_AVAILABLE RECORDS_.
────────────────────────────────────────

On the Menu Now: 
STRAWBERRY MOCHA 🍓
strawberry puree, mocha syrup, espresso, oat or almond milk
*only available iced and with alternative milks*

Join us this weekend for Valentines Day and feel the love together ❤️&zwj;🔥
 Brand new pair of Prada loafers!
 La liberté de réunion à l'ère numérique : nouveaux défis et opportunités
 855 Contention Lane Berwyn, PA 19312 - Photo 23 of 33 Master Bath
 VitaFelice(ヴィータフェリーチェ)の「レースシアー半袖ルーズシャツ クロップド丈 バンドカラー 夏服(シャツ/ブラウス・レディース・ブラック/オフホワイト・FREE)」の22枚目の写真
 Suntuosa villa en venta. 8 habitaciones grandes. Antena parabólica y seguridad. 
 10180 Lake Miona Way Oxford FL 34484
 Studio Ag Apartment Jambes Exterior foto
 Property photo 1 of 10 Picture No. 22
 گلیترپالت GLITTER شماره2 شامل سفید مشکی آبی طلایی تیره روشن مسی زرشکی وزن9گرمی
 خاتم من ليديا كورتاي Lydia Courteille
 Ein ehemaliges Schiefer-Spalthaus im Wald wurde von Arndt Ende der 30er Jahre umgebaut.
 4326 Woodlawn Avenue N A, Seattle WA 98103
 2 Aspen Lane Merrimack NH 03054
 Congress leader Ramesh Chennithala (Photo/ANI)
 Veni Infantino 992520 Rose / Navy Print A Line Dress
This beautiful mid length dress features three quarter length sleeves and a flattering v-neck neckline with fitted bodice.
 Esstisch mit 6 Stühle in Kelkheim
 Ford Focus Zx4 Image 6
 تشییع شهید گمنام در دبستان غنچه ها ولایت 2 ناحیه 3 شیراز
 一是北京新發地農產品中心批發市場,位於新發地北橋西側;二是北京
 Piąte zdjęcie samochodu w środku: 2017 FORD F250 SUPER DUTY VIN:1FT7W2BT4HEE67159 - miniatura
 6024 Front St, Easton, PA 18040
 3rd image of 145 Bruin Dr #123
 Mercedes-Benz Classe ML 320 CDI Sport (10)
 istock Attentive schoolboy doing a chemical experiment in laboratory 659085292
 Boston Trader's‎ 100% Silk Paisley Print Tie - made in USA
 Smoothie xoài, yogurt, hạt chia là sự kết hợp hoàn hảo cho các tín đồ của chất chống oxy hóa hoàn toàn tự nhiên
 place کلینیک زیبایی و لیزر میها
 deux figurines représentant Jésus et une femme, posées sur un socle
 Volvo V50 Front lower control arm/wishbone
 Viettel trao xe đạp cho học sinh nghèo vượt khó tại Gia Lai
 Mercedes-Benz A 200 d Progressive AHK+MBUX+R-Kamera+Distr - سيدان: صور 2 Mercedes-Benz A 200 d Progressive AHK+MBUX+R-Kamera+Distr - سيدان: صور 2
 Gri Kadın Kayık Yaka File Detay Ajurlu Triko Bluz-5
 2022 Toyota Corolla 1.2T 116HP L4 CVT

────────────────────────────────────────

_HOW TO COMPLETE THIS TASK_. Only a number is wanted. How many lines of the entries above carry "Lane"?

_EXERCISE SOLUTION_. 2